Visto tratar-se de uma devoção e culto dinâmicos que vão buscar à raiz bíblica todo o seu núcleo, faz com que tudo o resto sejam matizes, isto é, traços mais ou menos pessoais de uma relação ao mistério e à pessoa de Jesus, que se mantém abertos e prontos para o diálogo entre si. Nesta linha, é minha convicção de que estejamos diante de uma devoção polissémica, que assenta num relato polifónico de um encontro que se quer próximo, pessoal e singular do crente com Jesus-Amor (cf.

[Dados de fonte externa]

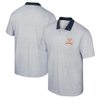 Colosseum Men's  White, Navy Virginia Cavaliers Print Stripe Polo Shirt In White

DN 109). Aqui chegados, parece ser necessário identificar qual o objetivo para os trabalhos de aprofundamento da fé, esperança e amor que esta devoção continua a inspirar. O Papa evidencia, no final do número 109, que o desafio para estes tempos é clarificar, indo às origens bíblicas e da Tradição, para melhor cultuar. Este será o objeto de estudo nos números seguintes.